Maryland's two black congressmen will formally endorse Kweisi Mfume's U.S. Senate bid today as Mfume and his chief Democratic rival, Rep. Benjamin L. Cardin, strive to lock up support from African American voters.

Mfume will couple endorsements from Democratic Reps. Albert R. Wynn and Elijah E. Cummings with the launch of his first advertisements after more than a year of campaigning. Mfume bought time on eight radio stations this week and has a television ad that will start airing in the Baltimore and Washington markets Saturday.

Cardin also continued his push for support within the African American community this week, meeting with Baltimore ministers yesterday to discuss the aftermath of Hurricane Katrina and launching an ad on four radio stations that target black audiences. He has been airing television ads for weeks.

"The African American vote is decisive to any Democrat who is running," said Ronald Walters, director of the African American Leadership Institute at the University of Maryland. "You can't do without them."

Blacks make up about 40 percent of Democratic primary voters, Walters said, so it is no surprise to see Mfume and Cardin aggressively courting them.

Mfume, who has headed the Congressional Black Caucus and the NAACP during his career, has a campaign strategy that counts on his winning as much as 80 percent of that voting bloc.

In polls, he has held a commanding lead among black voters. A Washington Post poll conducted in June showed Mfume leading Cardin among African Americans 65 percent to 7 percent, with the other respondents undecided or supporting one of 16 other candidates in the Democratic primary. An independent statewide poll released yesterday by Gonzales Research and Marketing showed Mfume leading among blacks 68 percent to 14 percent for Cardin.

But Cardin said yesterday said he is pursuing African American voters with a fervor, attending three to four events a week that are tailored to minority voters.

"The reaction I've gotten has been consistent and extremely favorable," Cardin said. "I think that's because of the issues I'm putting forward and because of my record."

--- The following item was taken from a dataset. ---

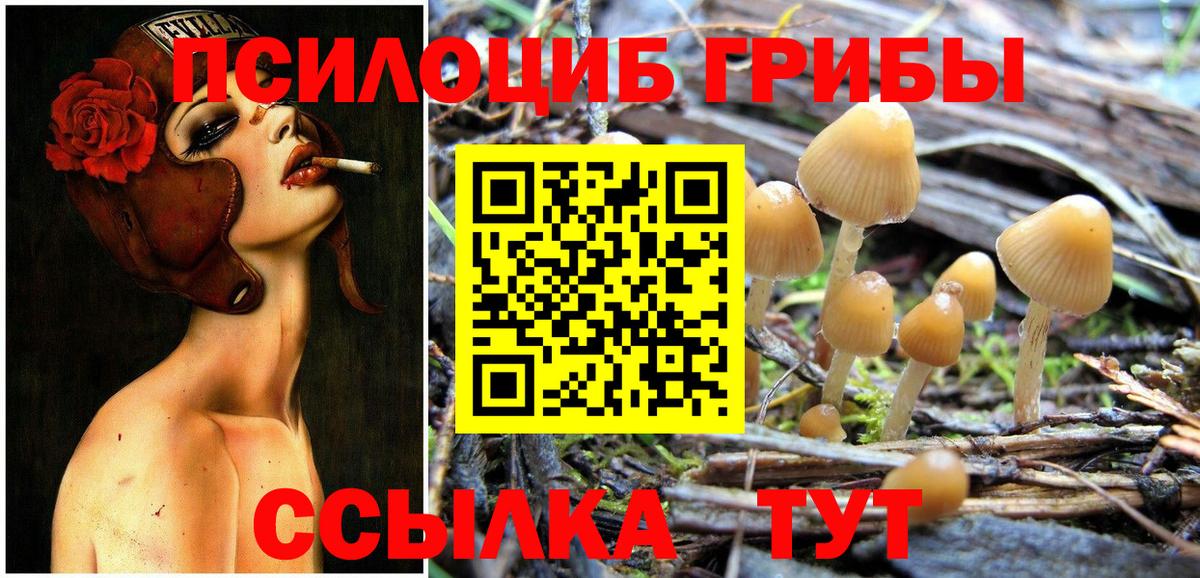 цена   Вход с VPN  Сунжа  Псилоцибиновые грибы Magic Shrooms  Псилоцибиновые грибы Psilocybine cubensis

Yesterday, Cardin sat with 15 church leaders in the basement of Macedonia Baptist Church in Baltimore and for 45 minutes discussed the bitter feelings that remain a year after Hurricane Katrina hit the Gulf Coast.

After the discussion, the ministers lingered over coffee and pastries to talk politics. Several were solidly behind Cardin, but others had reservations about standing in the way of electing a second African American to the U.S. Senate.

"Frankly, I'm between a rock and a hard place," said the Rev. Willie E. Ray, a West Baltimore pastor. "It's a tossup. But I'll tell you this: It will be decided on character more than race."

Matthew Jones, president of the United Baptist Missionary Convention and Auxiliaries of Maryland, said that he was not disclosing his pick for the Senate race but that he believes endorsements Mfume is receiving from Cummings and Wynn are significant.

"They're going to have a major impact," Jones said.

Walters said that although the endorsements come too late for Mfume to benefit much from the fundraising clout of Wynn and Cummings, the candidate will be able to tap into their organizations for support on the day of the primary, Sept. 12.

Pastor John Louis Wright, a past president of the United Baptist Missionary Convention, which represents more than 200 congregations in the state, voiced emphatic support for Cardin yesterday, and he is heard in the radio ad Cardin will air on two Baltimore and two Washington area stations at a cost of $15,000.

"We cannot tell you how to vote, but we can tell you who we are supporting: Ben Cardin," Wright says in the ad. "Ben fights for what is right no matter what."

Mfume speaks in his own radio ad, telling listeners, "Many in our government have failed us. It's time to vote for leaders with the courage to fight, who will tell us the truth again and give us hope."